Forster’s reminiscences of Uncle Willie, as well as his account of ‘The Story of a Panic’, were written in the 1920s. It was easier to recognize the hypocrisy of the Edwardian era after it ended. J. B. Priestley’s An Inspector Calls (1945) is an attack on Edwardian double standards. In it the members of a rich mill-owning family discover that each of them has, secretly and independently, taken advantage of the same working girl. Their carefully sustained veneer is gradually scraped away as revelation follows revelation. The father dismissed the girl from one of his mills for involvement in a strike. The daughter got her sacked from her next job on a false charge. The daughter’s fiance´ set her up as his kept woman, and then abandoned her. The son (whose alcoholism is another unspoken family secret) raped her and then stole from his father’s business to pay her off. The mother convinced her women’s charity not to support her in pregnancy and destitution. All the social and sexual cover-ups of underhand Edwardian respectability packed into one facile play.

Forster cleared the way for Priestley. Howards End (1910) urges its characters to ‘only connect’ – the prose with the passion, of course, but also the double standards endemic in such a secretive period. Margaret Schlegel forces Henry Wilcox to recognize the connection between his affair with Jacky Bast, and Helen Schlegel’s one-night stand with Jacky’s husband, Leonard. If Helen’s unmarried pregnancy is to be condemned by Henry, his own adultery is equally culpable. Or both must be forgiven. By Howards End Forster had the strength to extend his social range and intensify the sharpness of his attack. In Where Angels Fear to Tread and A Room with a View he was still feeling his way. Like Philip Herriton, Caroline Abbot, and Lucy Honeychurch, he was a confused but obedient participant in a society whose values he found increasingly suspect.


1901–1908

In 1901 Forster left Cambridge with a mediocre degree and set out for Italy with his mother. For a year they drifted from pension to pension on the Baedeker trail, following the leisured, genteel life of the well-heeled Edwardian tourist. We may be surprised to find the middle-class and not obviously rich Caroline Abbott, in Where Angels Fear to Tread, also coolly embarking on a year’s Italian travels in the company of the irresponsible Lilia Herriton. Who could contemplate such an extensive holiday now? A century ago, apparently, it was nothing special. Forster’s early fictions are peppered with English tourists enjoying the middle-class equivalent of the aristocratic grand tours of the nineteenth century. He and his mother returned to England late in 1902, only to set out again on another continental trip in the new year.
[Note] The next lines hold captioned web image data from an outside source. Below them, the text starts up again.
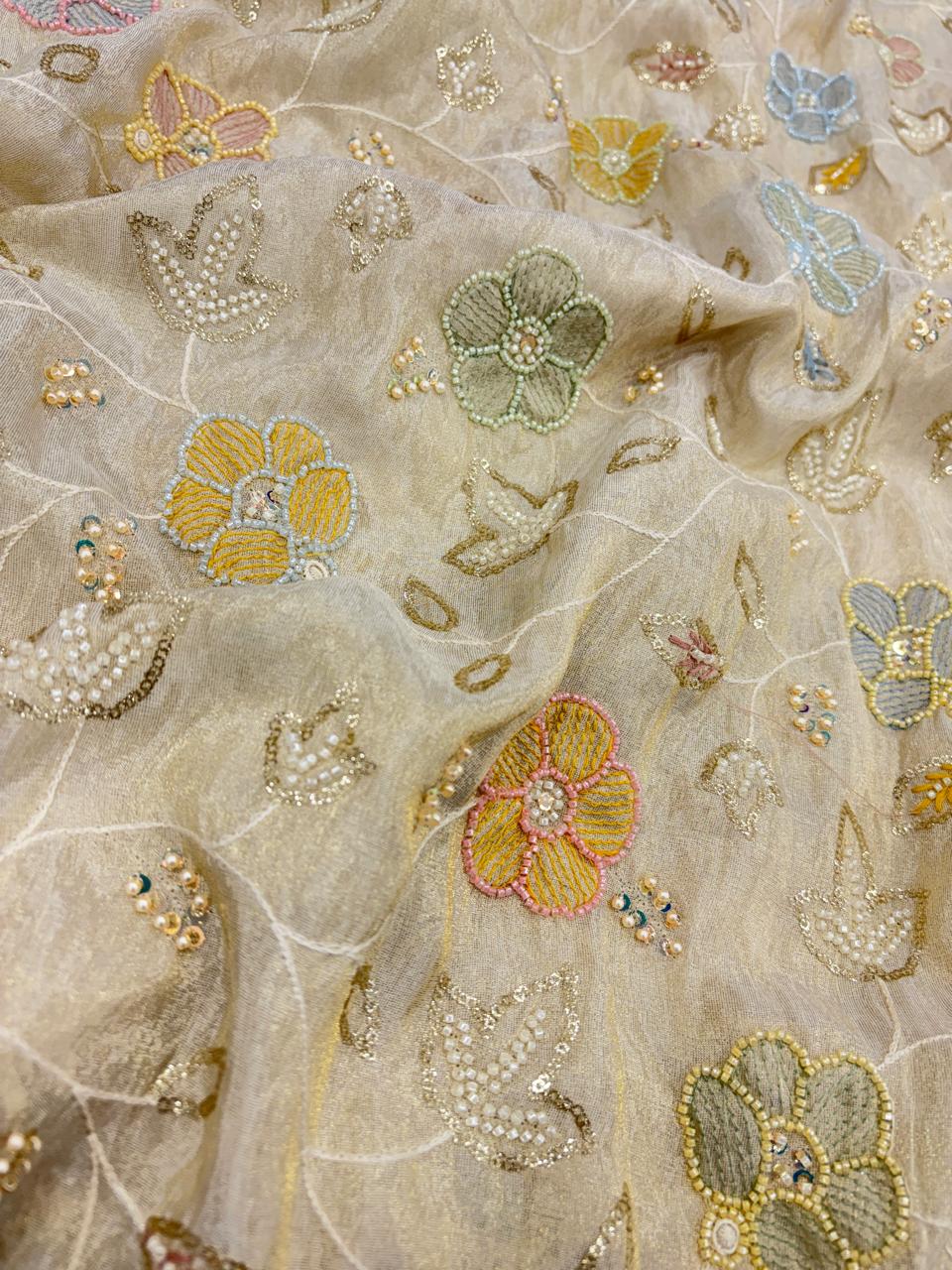 Elegant Beands Embroidery On Tissue Fabric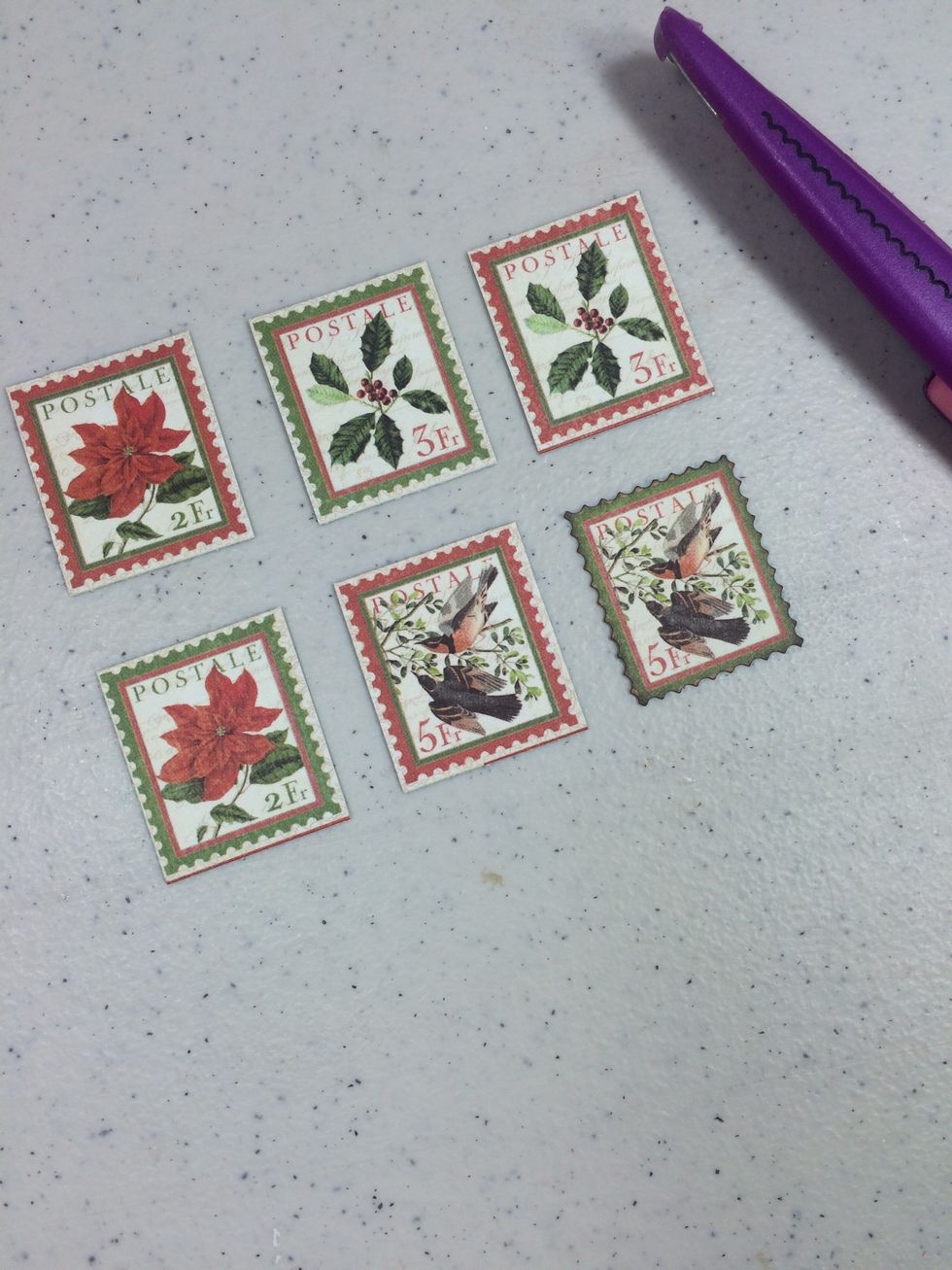 Cut apart six postage stamp images. I used a tiny scallop edge scissor. Ink edges.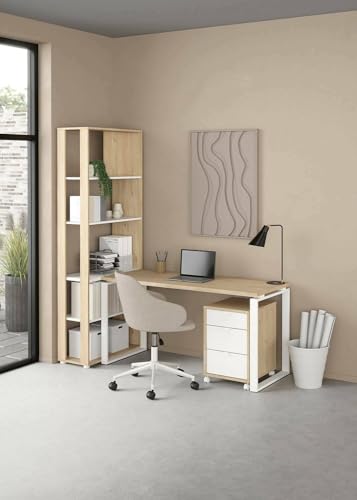 Dmora - Schreibtisch Severine, Mehrzweckschreibtisch, Bürotisch für PC, Eckschreibtisch, 184x80 h205 cm, Eiche und Weiß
Two instalments of his first novel, tentatively identified as Old Lucy and New Lucy, were begun during his travels abroad. They predate Forster’s first published novel, Where Angels Fear to Tread, which came out in 1905. The Longest Journey followed in 1907. In 1908 the two halves of Old and New Lucy finally coalesced in the polished text of A Room with a View.

Though this chronology is convoluted, both novels benefited from it. Where Angels Fear to Tread is spontaneous and energetic, profiting from Forster’s literary apprenticeship in the drafts of Lucy, and the short stories he was accumulating in this early period. The best of them, ‘The Story of a Panic’, epitomizes most memorably the emergent dualities that were to dominate all Forster’s subsequent work. They can be summarized very simply as a neat alignment of conflicting values: suburbia versus nature; Sawston versus Italy; propriety versus passion. Dryads, fauns, Pan and the ancient gods battle with Miss Bartlett, Mr Beebe, Mrs Herriton and the ‘vast armies of the benighted’. It is one of Forster’s great weaknesses that this recurrent template is too easily identifiable for the reader’s sustained suspension of disbelief, and encourages an over-schematized reading of the novels.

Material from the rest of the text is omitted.